Y junto con ellos lo conocí a él, tan alto que me parecía grande como los edificios que veía cuando levantaba la cara para mirarlo desde abajo, que tenía el color de pelo plata de los abuelos pero era guapo como los papás y que -para mi asombro- sabía amasar la masa tan bien o mejor que mamá. Parco para los saludos y tierno para las despedidas, con una voz que te hacía temer las consecuencias de una travesura pero que podía sacudirte cualquier miedo nocturno de esos que te aterrorizan en la infancia.

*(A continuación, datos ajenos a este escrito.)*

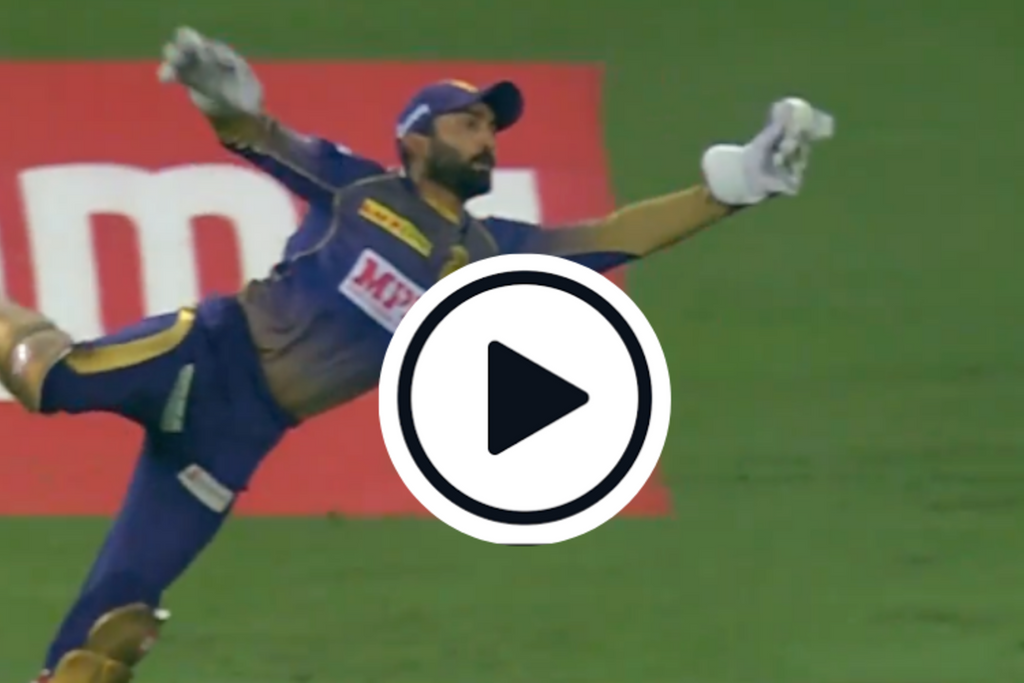 Watch: Ben Stokes left stunned by Dinesh Karthik’s wonder grab in IPL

Pasó el tiempo y, con los años, algunas cosas cambiaron y otras no tanto, porque aún desde el otro lado del río se las arregló para estar en todas y cada una de las fotos del álbum de la vida y la memoria; hizo reír a mi mamá como nadie con sus ocurrencias, convenció a papá con sus argumentos y festejó, cada vez con menos pudor, cada uno de nuestros éxitos. Pasando revista a todos los eventos que hicieron a esta familia agrandada más tristes o más felices, él siempre estuvo. Fue tío por opción, padre con devoción, abuelo por defecto y padrino de nuestra benjamina por simple adoración.
Lo ví avanzar en éxitos y fracasos, en días y en años erguido en toda su altura, con su malhumor intacto, su ternura siempre reservada y su pelo blanco sin que emblanqueciera ni un pelito más.
Por eso ahora que se fue, me doy cuenta que siempre, de una manera más o menos evidente, lo extrañé. Que me alegré de sus llegadas y lamenté sus partidas. Y que ésta es la que más voy a extrañar.
Hoy cuando llegué a trabajar alguien dejó tiradas al descuido unas palabras de un poeta en mi escritorio: “Si yo muero, cosa difícil dado mi amor por la vida, muero porque he resuelto morir. La única dificultad que no he sabido vencer en mi vida, ha sido la de vivir...“
Y así nomás encontré las palabras que no podía escribir y que le calzaron al tío sibarita, el que nunca dejó de disfrutar un buen viaje, la buena compañía y una buena comida, al que nunca pudo vivir la vida a medias y se fue más temprano de lo que yo, que todavía tengo 4 años en algún lugar, pude jamás imaginar.
Te quiero mucho tío, te veo en otros veranos.